Something I've really noticed during the last few months (and from time to time in the past) are the problems that my own expectations cause me when I'm trading, and probably in other areas of life. To expect is to open yourself to the unexpected! Crazy how stupidly simple that is isn't it.. without expectations, there is no unexpected and thus a huge chunk of trading pain is removed.
I remember reading "Fooled by Randomness" by Taleb in which he would call negative experiences in the markets, emotional "pangs". These I'm sure are very real, we've all suffered when we've lost, if you place enough attention on a price I'm sure it's possible to suffer a 'pang' on the loss of a single tic. It struck me that, these really only occur when something doesn't live up to your expectations.
Yet this is highly counter intuitive. How do you enter a trade or a bet without some form of expectation? The answer of course is from a probablistic mindset. You reduce decisions down to their probabilities of going one way or the other, then compare the implied odds in the market. That's easy to type, and not easy to do consistantly, whether you believe in it or not.

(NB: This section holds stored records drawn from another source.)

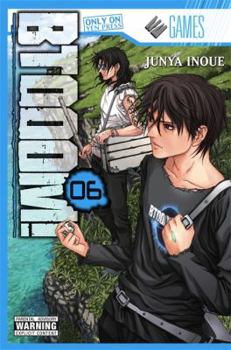 BTOOOM!, Vol. 6 - Book #6 of the BTOOOM!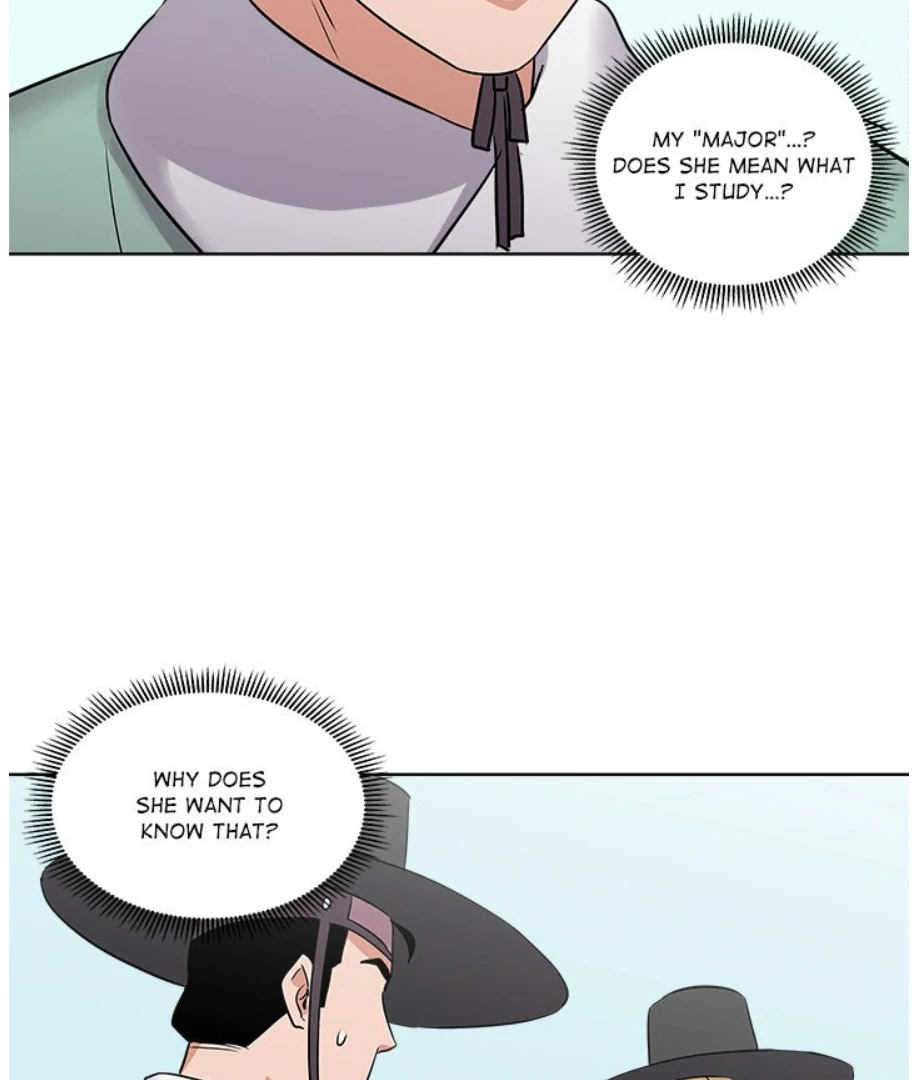 Cheonghak-dong Project chapter 4 page 18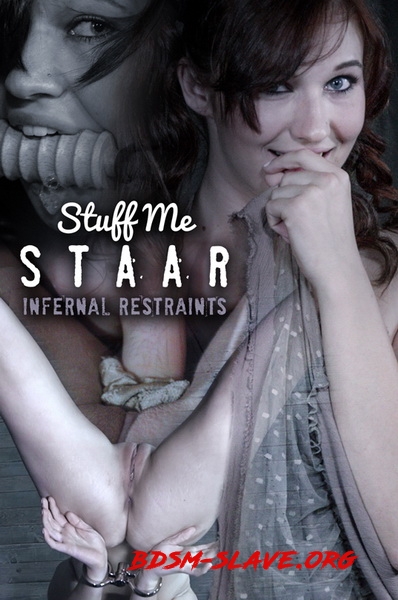 Stuff Me Staar (Infernal Restraints) [HD/2020]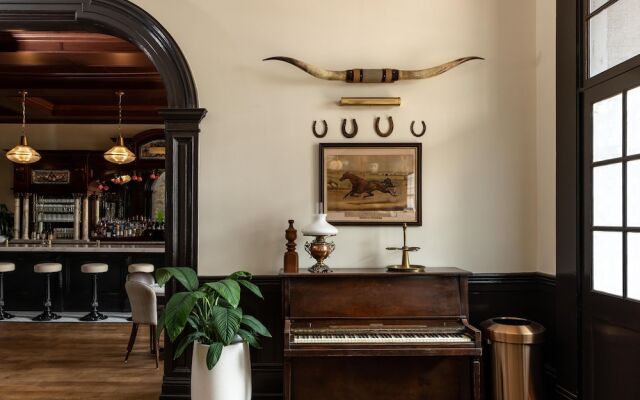 Holbrooke Hotel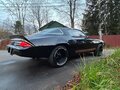 1979 Chevrolet Camaro II, чёрный - вид 3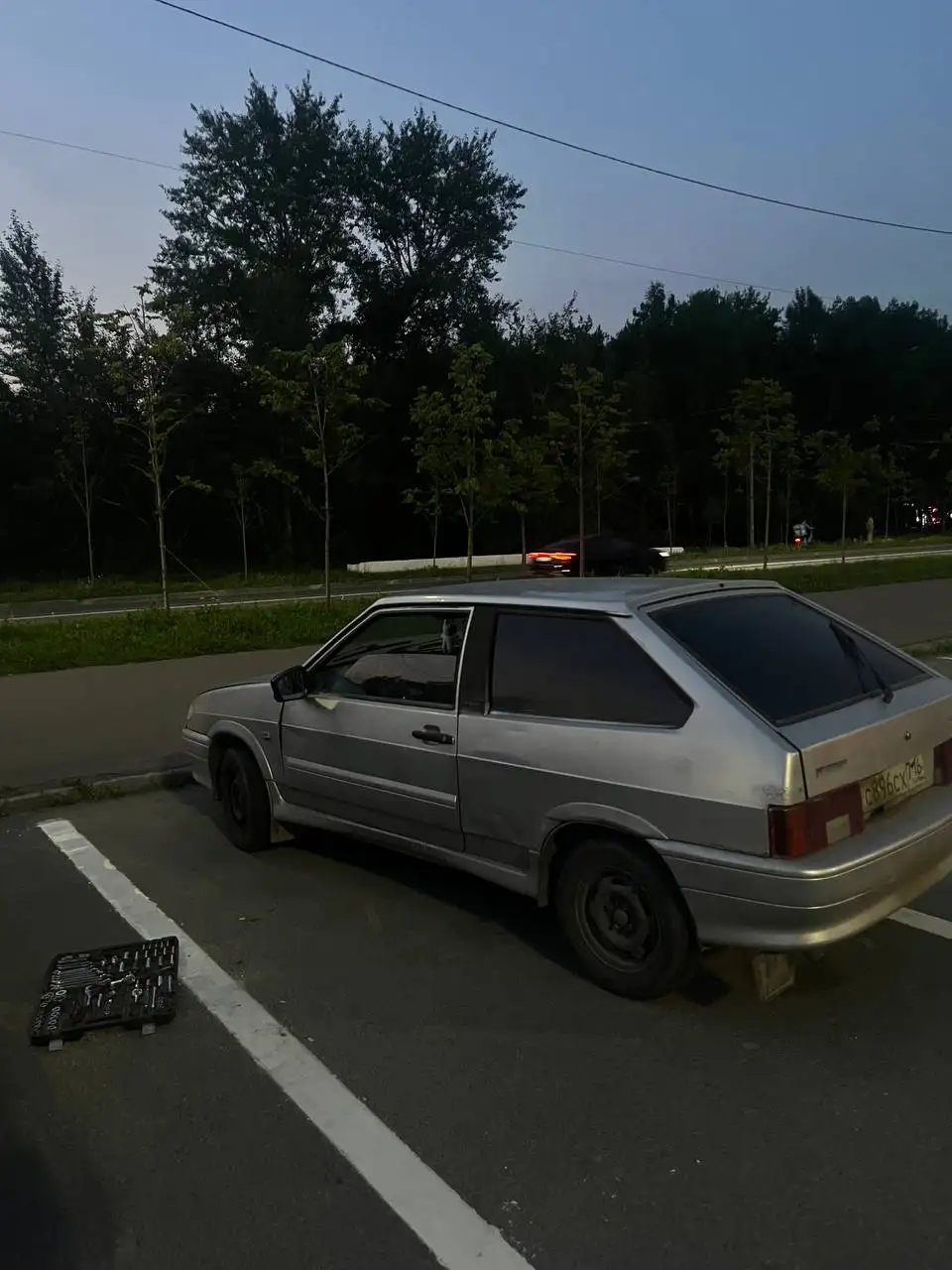 ВАЗ 2113 2013 года - Легковые (Авто) в Казань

The above paragraph also suggests it's possible to gauge where the market will be at various times. Another expectation which is rarely perfect, since markets (and the events they are based upon) are random entities. Anyone / anything can destroy the position of the market in a blink... with this in mind, perhaps it's best we expect the unexpectable! That way we'll still be in the right frame of mind to act appropriately when it happens. And while we do that, do our level best to estimate those probabilities each time we enter a trade.